L'année de sortie de Blade Runner voit débarquer sur les écrans Heavy Metal sous l'impulsion de Leonard Mogel, l'éditeur de la version US de la revue Métal Hurlant créée par Jean-Pierre Dionnet, Philippe Druillet, Moebius et Bernard Farkas sept ans plus tôt. Film d'animation aux sketchs très inégaux, Heavy Metal transpose plusieurs histoires dans les univers des auteurs du magazine. Le segment le plus marquant, qui servira d'identité visuelle au film puis à la revue, est Taarna d'après la BD Arzach de Moebius.
Dans la foulée le dessinateur est appelé aux côtés de Syd Mead pour confectionner l'univers de Tron, pari fou que le jeune nerd Steven Lisberger parvient à vendre aux studios Disney alors en plein doute. Si le grand public ne suit pas, les light cycle, les combats de disques, le Maître Control Principal traumatisent une génération de gamins élevés à l'Atari et à la Vectrex.
Pendant ce temps en France, René Laloux développe Les Maîtres Du Temps, fable de Science-Fiction co-écrite avec Moebius d'après Stefan Wul et entièrement dessinée par le Maître.
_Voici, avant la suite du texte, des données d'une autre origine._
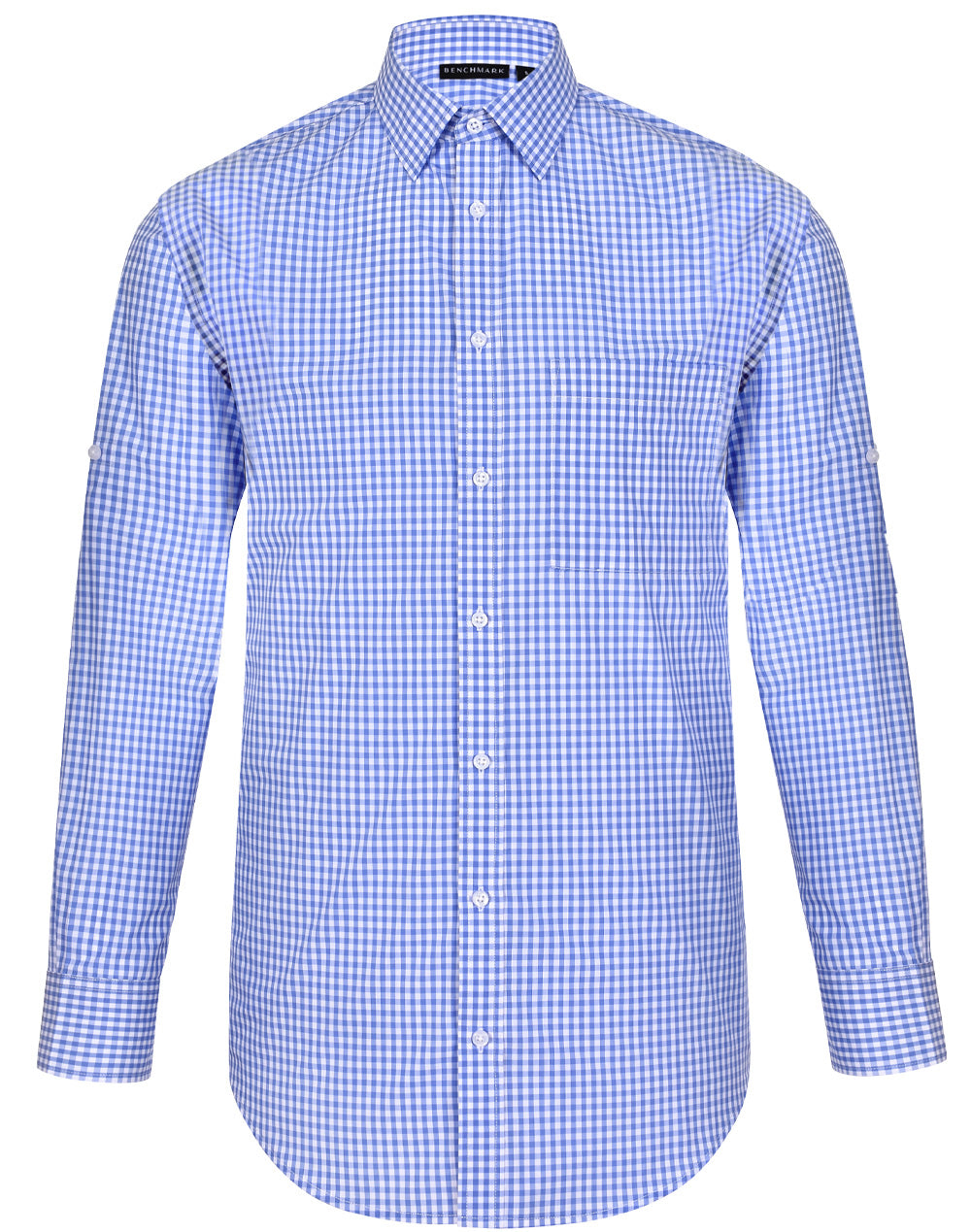 Benchmark M7300S Men’s Gingham Check Short Sleeve Shirt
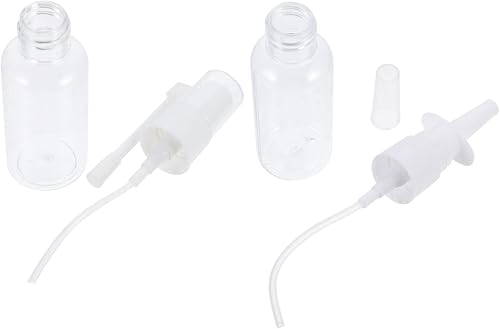Healvian 2 unids spray nasal botella de niebla limpiador de ventosa Enjuague de botellas Enjuague sinusal paquetes de sal pulverizadores de insulina
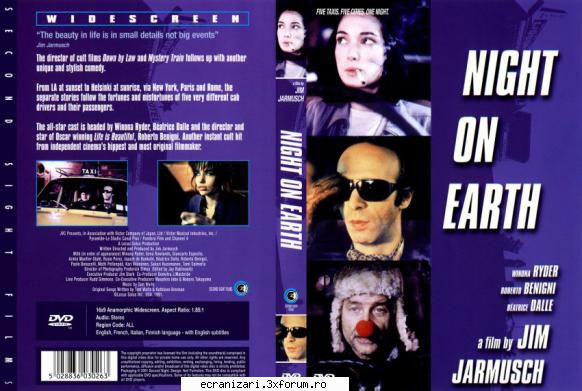 night on earth  (1991)

 

filmul este o de cinci viniete, ce au loc �n noapte �n cinci orașe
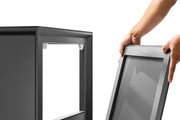 Gray UNS aluminum aquarium stand by Ultum Nature Systems, sturdy and modern with a sleek design for supporting fish tanks.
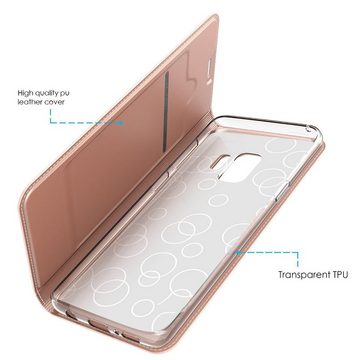 CoolGadget Handyhülle Magnet Case Handy Tasche für Samsung Galaxy S9 5,8 Zoll, Hülle Klapphülle Ultra Slim Flip Cover für Samsung S9 Schutzhülle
Sûrement le long-métrage le plus fidèle à son univers.
Après cette grande période d'activité, Moebius s'éloignera du monde du cinéma (un peu accaparé par un tsunami nommé Une Aventure De John Difool), se contentant de créer les costumes du nanar Les Maîtres De L'univers (1987) d'après le dessin animé du même nom, quelques concepts hélas peu utilisés pour un autre nanar, mais plus friqué, Willow (1988), et, comme beaucoup d'autres à cette époque, travaillera à l'adaptation de Little Nemo de Winsor McCay, co-production américano-japonaise qui verra finalement le jour en 1989 après intervention au scénario de Chris Columbus et Richard Outten. Le film, un échec, sortira en France en 1994, année où Moebius se libère de la frustration de voir son idole Winsor McCay maltraité en proposant sa propre interprétation du héros de Slumberland.
Entre temps James Cameron lui passe commande de croquis d'extra-terrestres aquatiques pour son chef-d'œuvre The Abyss et le jeune Mathieu Kassowitz se fait la main en adaptant en court-métrage sa bande-dessinée anti-raciste Cauchemar Blanc.
Kasso que l'on retrouve en guest dans Le Cinquième Elément de Luc Besson, bande SF fourre-tout imaginée par le peroxydé durant son adolescence et sur lequel il convoque ses idoles Mézières et Moebius.
Kasso, Besson, il ne manque plus que Jan Kounen du trio 1B2K, qui paiera son écot à Jean Giraud en 2004 avec Blueberry, L'Expérience Secrète, adaptation aussi folle que réussie qui ose travestir la BD originale pour mieux rendre hommage à la diversité et l'inventivité des travaux du Maître.
Après ce coup d'éclat, on ne recensera plus grand-chose au cinéma en rapport avec l'univers de Moebius. Tout juste le DTV foutraque Thru The Moebius Strip avec au cast vocal Mark Hamill. Bien que produit par un ancien de Sony Pictures Imageworks, ce film bénéficie de CGI d'un autre âge qui le condamnait avant même d'être exploité. On préfèrera se souvenir de la série animée Arzak Rhapsody, honnête transposition à l'écran de Arzach diffusée sur France 2 en 2003.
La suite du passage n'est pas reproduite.